Mysterius the Unfathomable #1

"Mysterius the Magnificent"
Writer: Jeff Parker
Artist: Tom Fowler
Letterer: Saida Temofonte
Colourist: Dave McCaig
Editor: Ben Abernathy

Jeff Parker has made something of a name for himself in recent years as a writer of entertaining all-ages and vaguely retro superhero comics, such as X-Men: First Class and Agents of Atlas. With Mysterius the Unfathomable, he's trying something different: a standalone miniseries about an aging stage magician with genuine powers and Ella, the new sidekick who stumbles upon him. Through the joy of synchronicity, she ends up with little choice but to stick around as the latest "Delfi" - the name he gives to all his sidekicks.
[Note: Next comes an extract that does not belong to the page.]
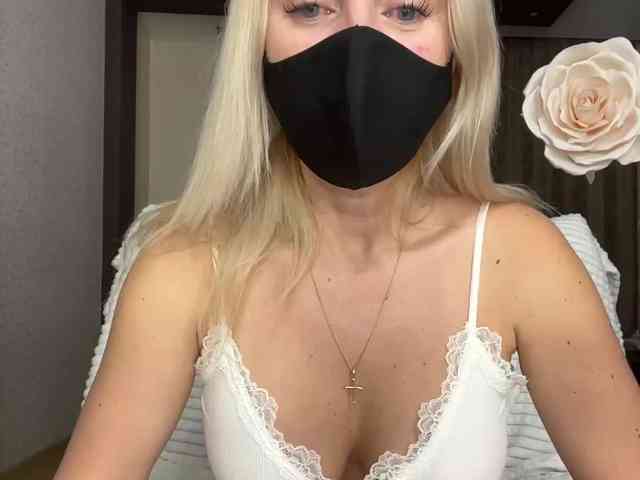 MilanaMURR webcam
This is a WildStorm miniseries, and it's nice to see that they still do this sort of thing. The imprint has had a rocky few years, and aside from its fading superhero universe, it seems to have become a dumping ground for video game adaptations and unused movie pitches. But it also gives DC a place to put comics that fit somewhere between the DC Universe and the Vertigo imprint. (Whether this is the best place for them is debatable. But at least it's a place.)

Mysterius himself is a vaguely obnoxious character who was apparently a fairly big deal at some point, but now makes a living doing seances and the like. He wouldn't be a particularly likeable protagonist, but he doesn't have to be, because Ella serves that role, and she's much more engaging. That leaves Mysterius free to be enigmatically annoying, a character that Parker writes rather well.
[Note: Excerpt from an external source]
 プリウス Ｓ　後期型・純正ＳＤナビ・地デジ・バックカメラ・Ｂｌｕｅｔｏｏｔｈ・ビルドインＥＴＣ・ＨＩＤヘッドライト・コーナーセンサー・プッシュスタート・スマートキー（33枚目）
There's also an arch-sceptic character, John Darby, who's even more annoying than Mysterius himself. I was concerned for a while that the book was going to make the classic error of having sceptics who inevitably looked like idiots for denying the blindingly obvious. In fact, Parker avoids that trap: although we can tell that Mysterius has genuine magical powers, they're unreliable and unobtrusive enough that Darby is perfectly justified in saying he's seen nothing that couldn't be explained. Still, he's a one-note character, and infuriatingly smug as some professional sceptics can be, he feels excessively heavy-handed to me.

That point aside, it's a good first issue. Artist Tom Fowler makes Mysterius a suitably unheroic and self-important figure, and does very good work with the seance scenes in the afterlife, keeping the bleakness on the right side of dark comedy. And I like the presentation of magic as something that allows Mysterius to bend the rules rather than break them entirely; he's able to live a comfortable enough life in the margins, but doesn't seem to have any tremendous power over the real world. Magic is such a get-out-of-jail-free card that writers need to keep it on a leash to stop it ripping holes in the plot, and Parker judges it well here.

A strong start; I'll look forward to picking up the collection.